The Bartender (continued from previous post)
When she awoke the next day, disheveled, smelly and still in her work clothes she couldn’t even remember the past night’s events. Or should she say morning’s events since she did not know what time she had stumbled onto her bed, clothed and reeking of alcohol and various old food smells. She sniffed under her arm and could pick up: cilantro, hummus, bean dip, and something smoky and meaty, like short ribs. She started to remember someone had asked her late into the night if she could make them her famous short ribs and she had, using leftover sauces and serving it with a creamy polenta that was on the night’s special menu. It was the last night of her restaurant, the very last night, tomorrow it would be gone, forever.
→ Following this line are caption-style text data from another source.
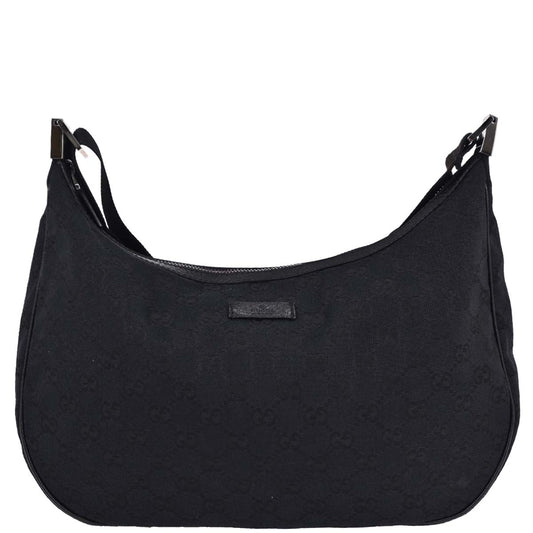 Gucci Black Canvas GG Shoulder Bag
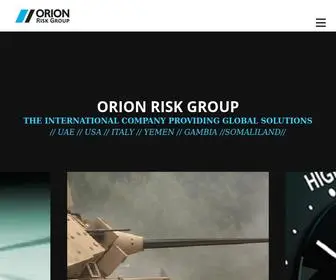 Orion-Group.com(Security Experts) Screenshot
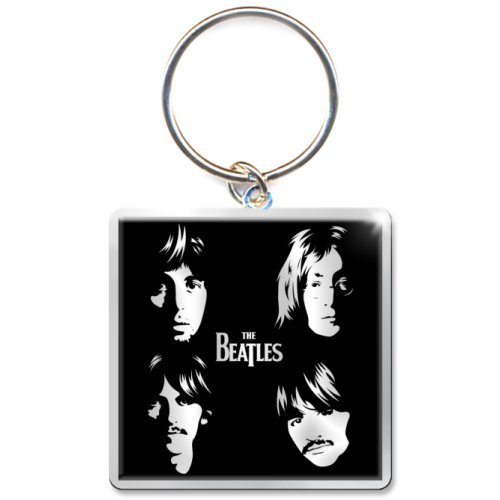 The Beatles Keychain: Illustrated Faces Photo Print (Photo-print) - The Beatles - Merchandise - Apple Corps - Accessories - 5055295322400 - October 21, 2014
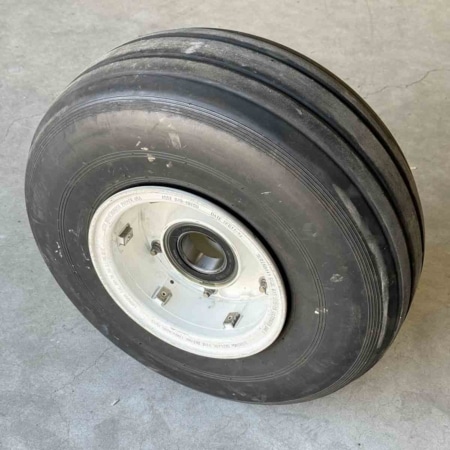 Aircraft landing gear wheel for sale.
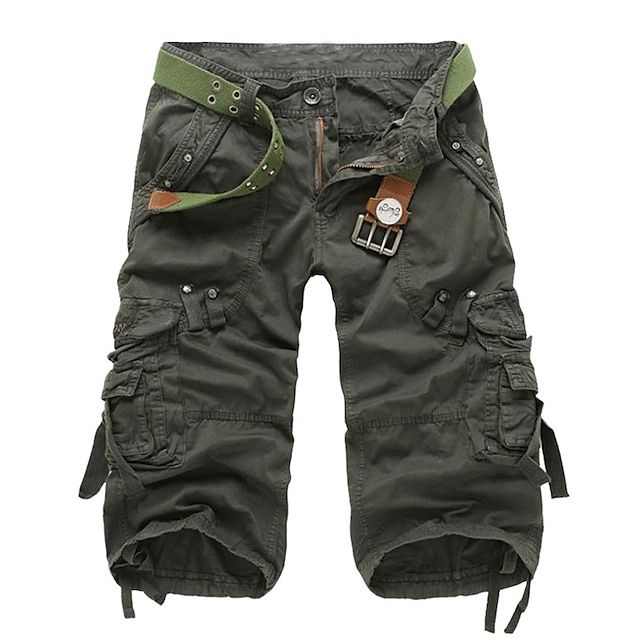 Cargo Shorts mit Gürtel für Herren – Robuste Freizeitshorts mit vielen Taschen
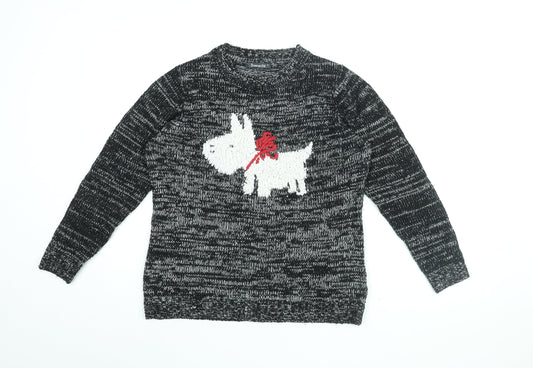 Womens UK Size S Bonmarché Black Pullover Jumper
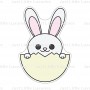 JLL Cookie Cutter & Embosser - Bunny in Egg (2)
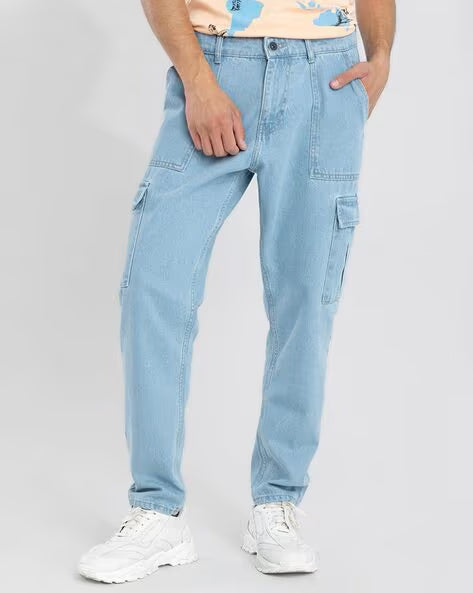 SNITCH High-Rise Jeans with Flap Pockets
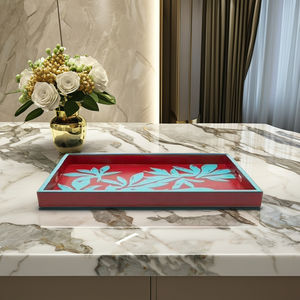 Bandeja de Servicio de MDF Hecha a Mano de Calidad Premium para Hoteles, Hostelería y Uso Doméstico, Multifuncional, Ligera, Tamaño Personalizado - Product Image 1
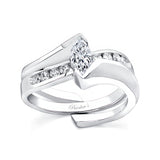 Interlocking Marquise Moissanite Bridal Set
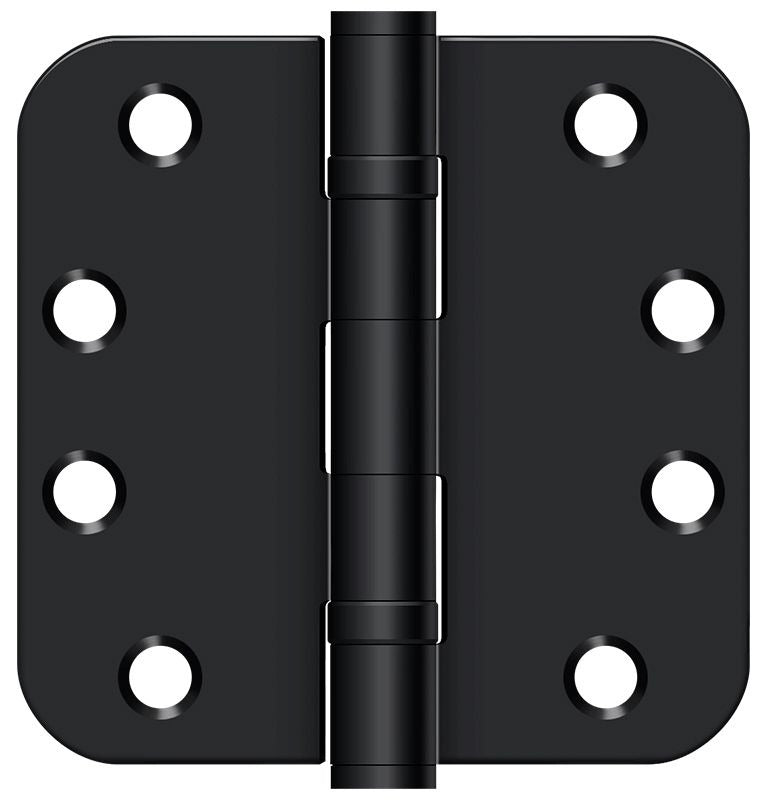 DELTANA Deltana S44R5HDB1B Heavy Duty Ball Bearing Door Hinge Flat Black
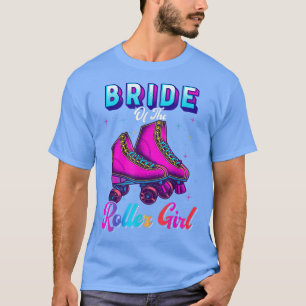 Camiseta Novia De la Chica del Rodillo Cumpleaños de patina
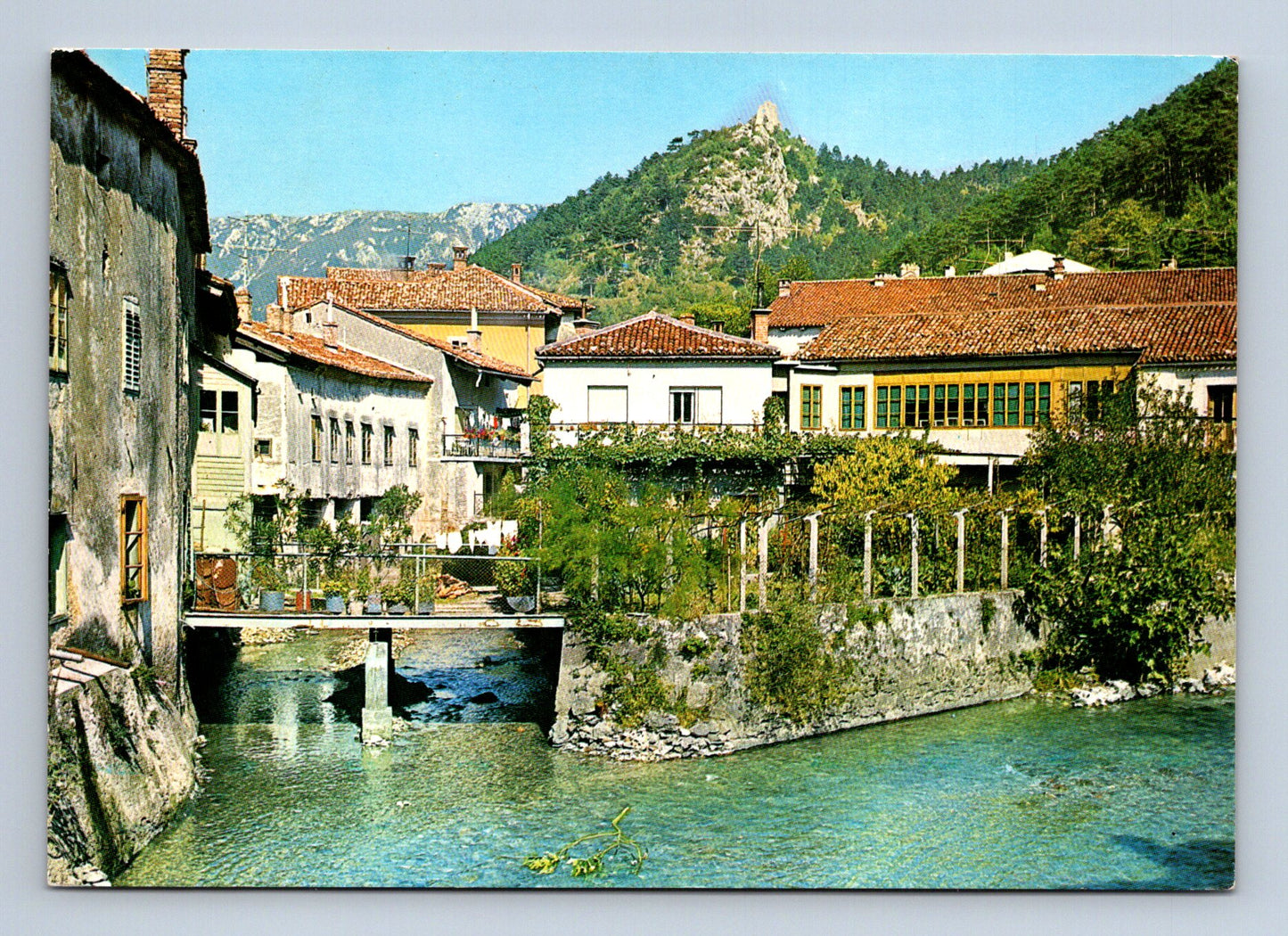 Pohlednice Slovinsko Vipava řeka a město 1988 (M29991)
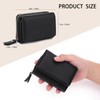 CHAOFANXI Women's Small Bifold Leather Purse for Women, Small and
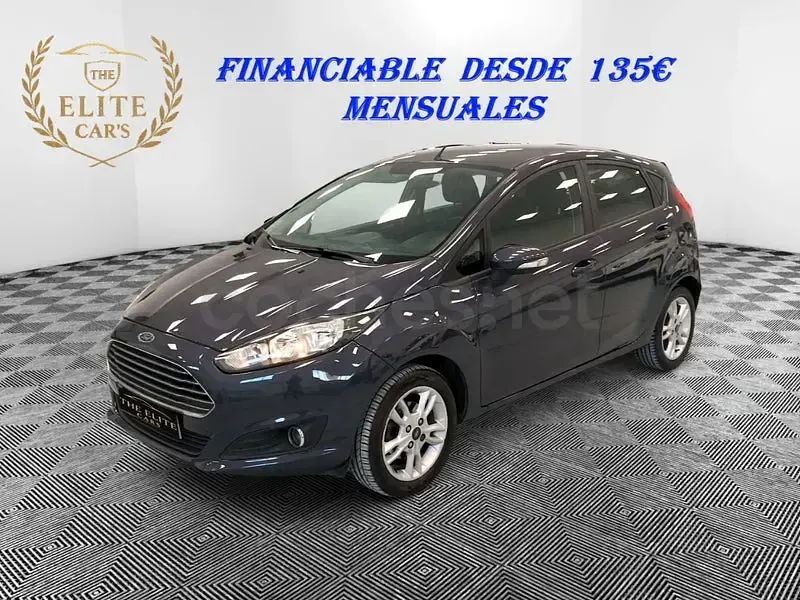 Usado Ford Fiesta Titanium 75 CV (55 kW) 2014 Azul Utilitario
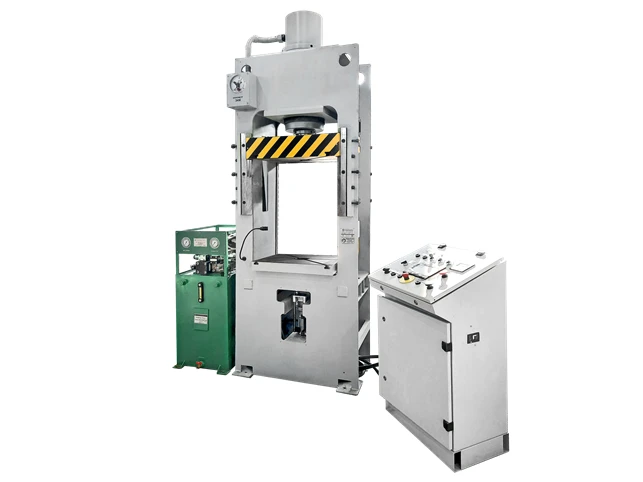 Hydraulic Press with 630 kN Force, Model DE2428.01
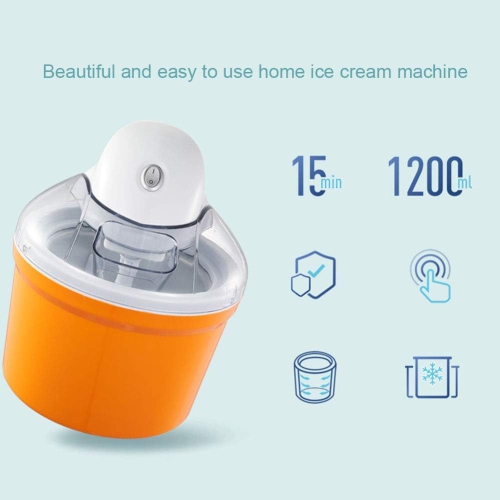 1200ml ice cream machine, home ice cream machine - large capacity, easy to clean, 30 minutes homemade dessert, compact and portable, one-button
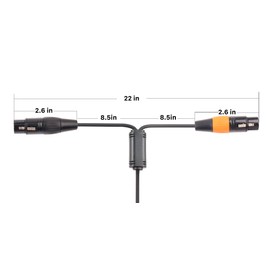 Devinal AUX to XLR Y Cable, 3.5mm Jack to 2x XLR Auxiliary Audio Cable, 3.5mm to Dual Female XLR Male Splitter Cord (3 Metres 10 Feet)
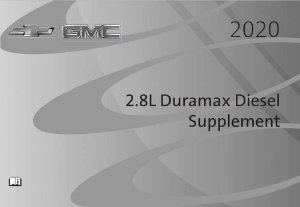 2020 Chevrolet DIESEL SUPPLEMENT Owner's Manual
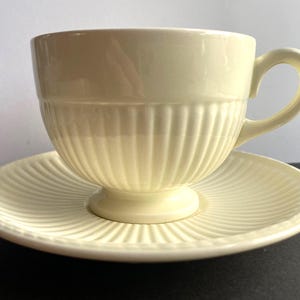 Vintage Wedgwood Tea Cup and Saucer: Queens Ware EDME Bone China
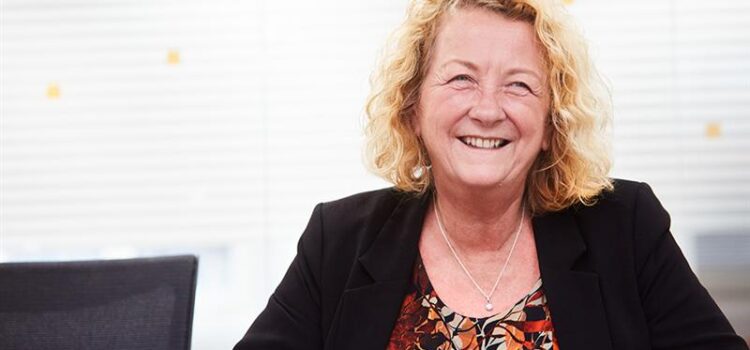 Louise Smyth, Chief Executive of Companies House smiling.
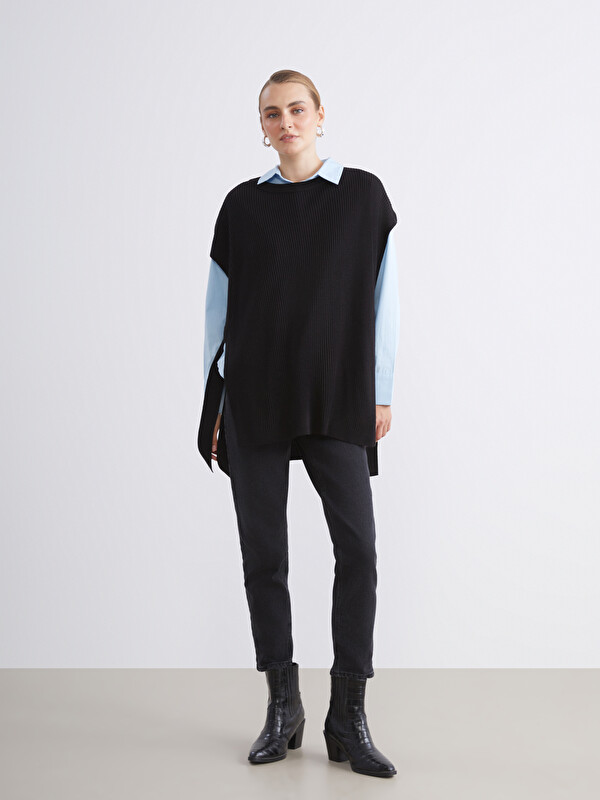 LCW Modest Mom Fit Kadın Jean Pantolon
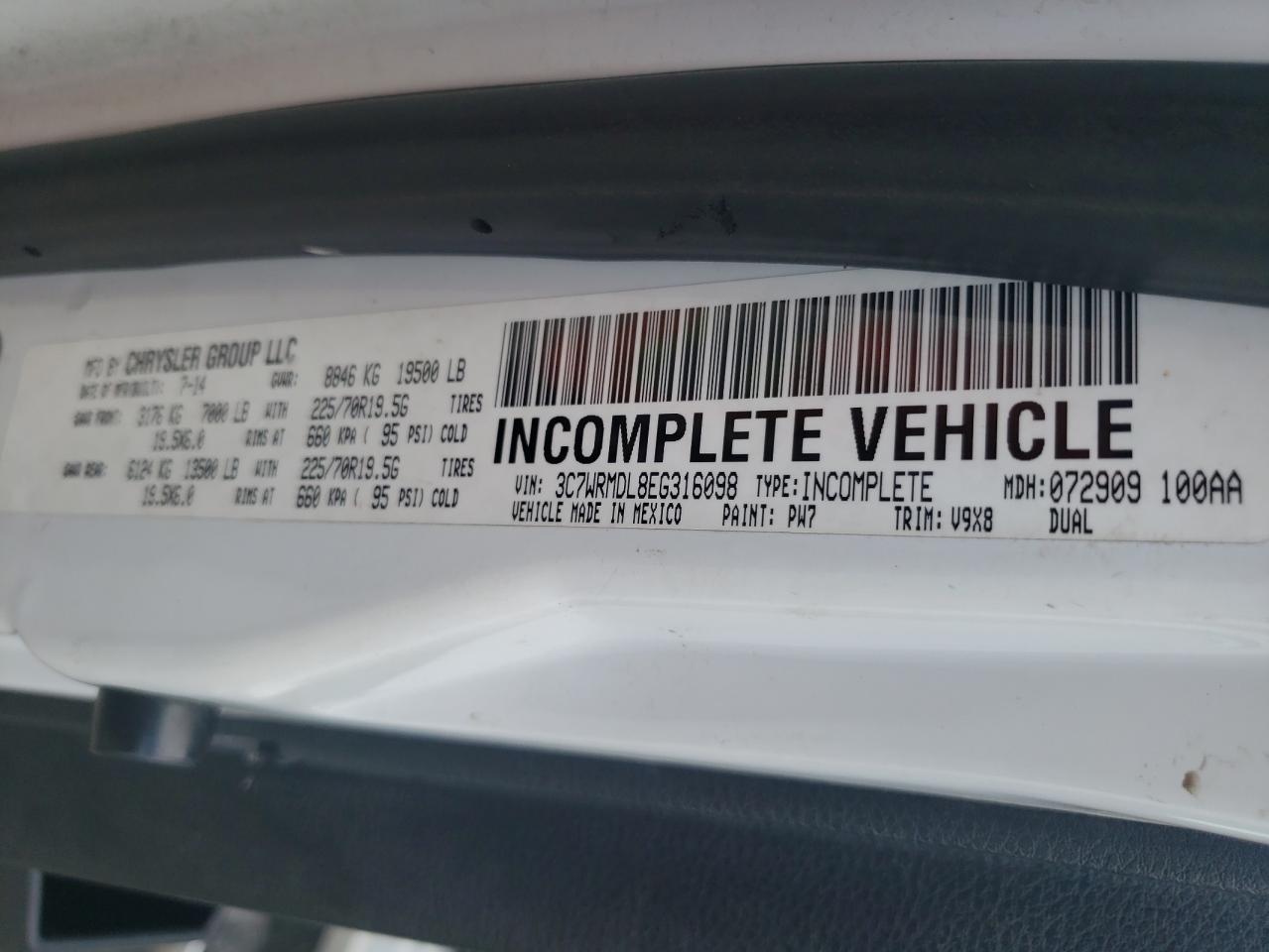 3C7WRMDL8EG316098 2014 Ram 5500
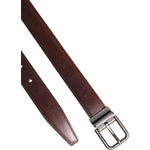 Dolce & Gabbana Brown Classic Calf Leather Metal Buckle Belt BEL9444-105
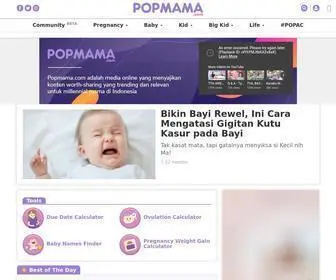 Popmama.com(A Parenting Guide for Millennial Mama) Screenshot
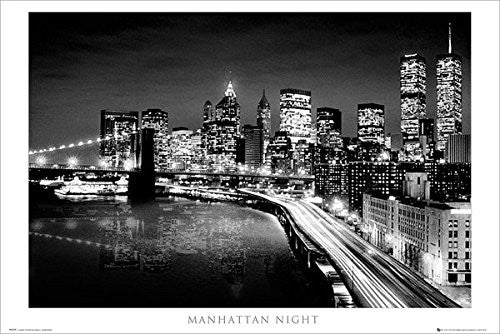 Manhattan Night (24x36) - BAW90009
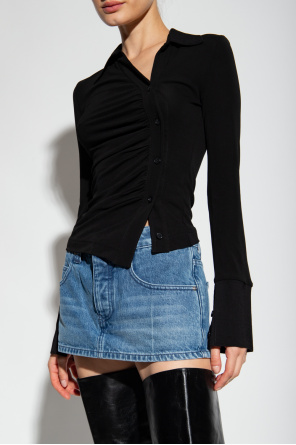 Helmut Lang knitted Shirt with asymmetric fastening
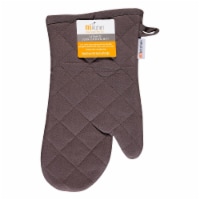 MUKitchen® Gray Cotton Oven Mitt Perspective: Main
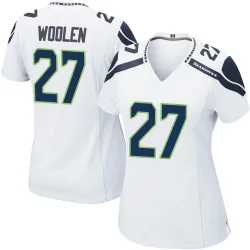 Riq Woolen Seattle Seahawks Game Women's Jersey (White)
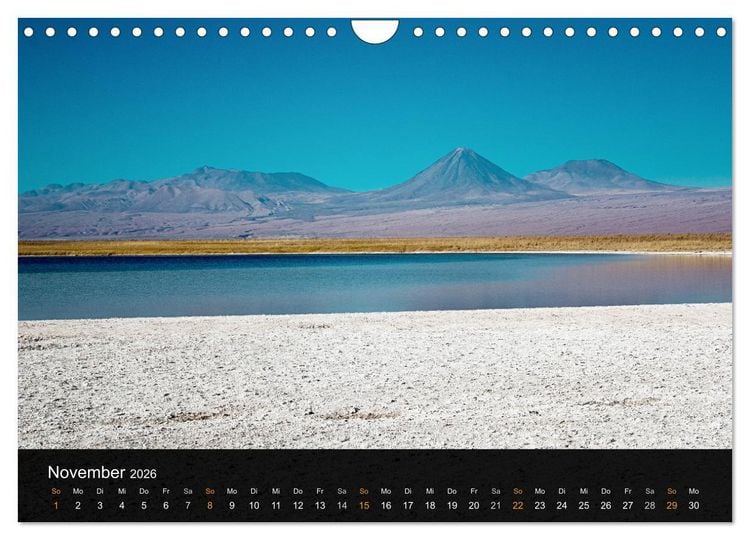 Produktbild: Atacama: Die W&uuml;ste im Norden Chiles (Wandkalender 2026 DIN A4 quer), CALVENDO Monatskalender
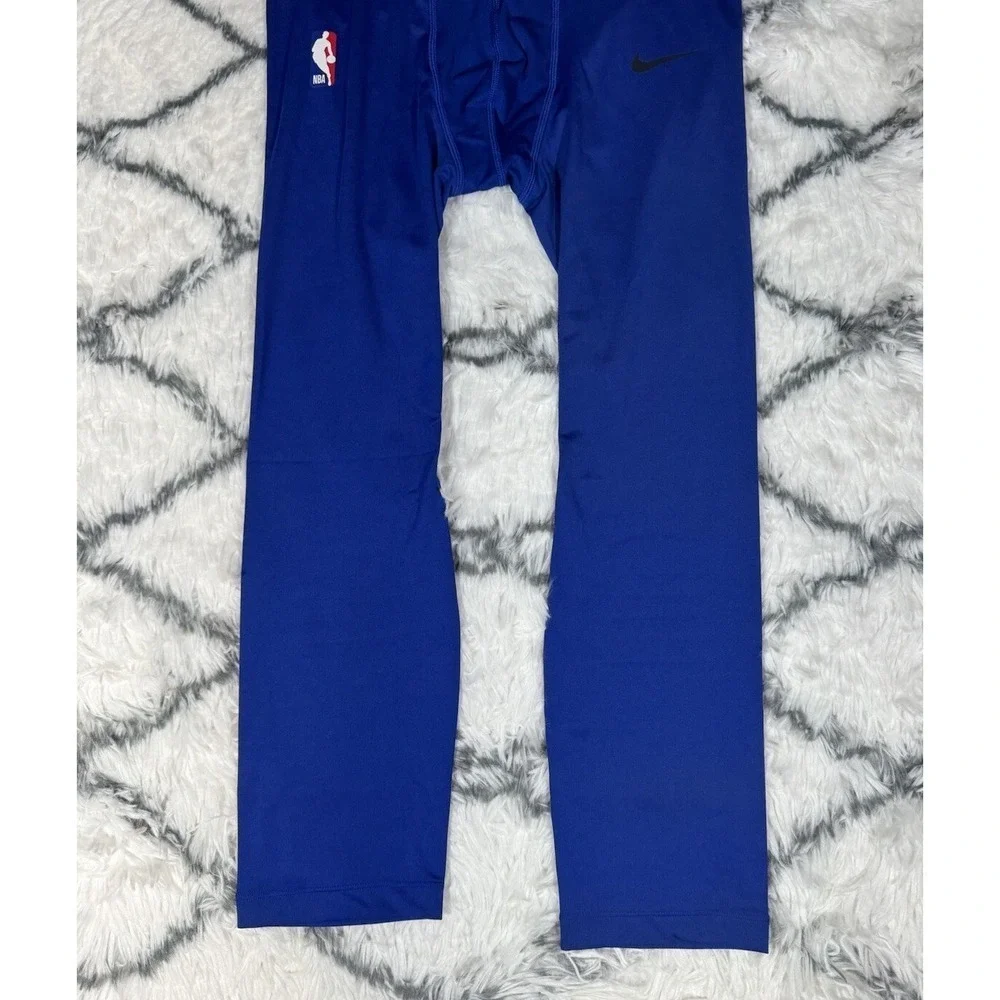 NIKE Pro NBA Player Issue 3/4 Compression Tights Blue Sz LT *NEW* DN1547-495 $75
Was it really the morning, was she really officially closed? Unemployed? ‘Shit,’ she thought, “Yeah,” she grumbled out loud to her black Lab, Lucy, “Fuck.” she said out loud. The television must have been on all night, there was a commercial on to help people stop smoking by chewing some stupid gum. She reached for her pack of cigarettes and lit one not even bothering to listen to the nicotine sponsor ads on television. “Shut-up” she croaked after she inhaled deeply. She threw her clog at the television but didn’t even have the energy to get near, her clog just landed on a pile of dirty laundry on the floor.
She had one arm around Lucy, her dog, a black labrador receiver wearing a red bandana, and as she rubbed her own eyes from the smoke, her hangover and from the lack of sleep. She turned to her faithful animal and said, “Lucy, I’ve worked in a kitchen since I was sixteen, I’m now thirty-six with no job and no restaurant. Is that all there is? There’s gotta be something more because this shit is not gonna fly.” Lucy just looked back at her as old, kind dogs do and licked her face. Dogs are great at unconditional love, of course there was no answer for Lucy to give but she knew that, she knew she would have to make a decision soon….just not now, not yet, she wasn’t ready for any new commitments.
She needed time and space away from everyone she knew in the restaurant business and her family. She tried hard to push people away, because in the past, she had learned, that letting people get too close, was like a personal invitation to heartache and she had had enough of that for a lifetime. She stood up, head in hand, to the shower, muttering and groaning the whole way. She had no idea what she was going to do with her life; she just knew she had to take a step. One step at a time and give herself time to heal.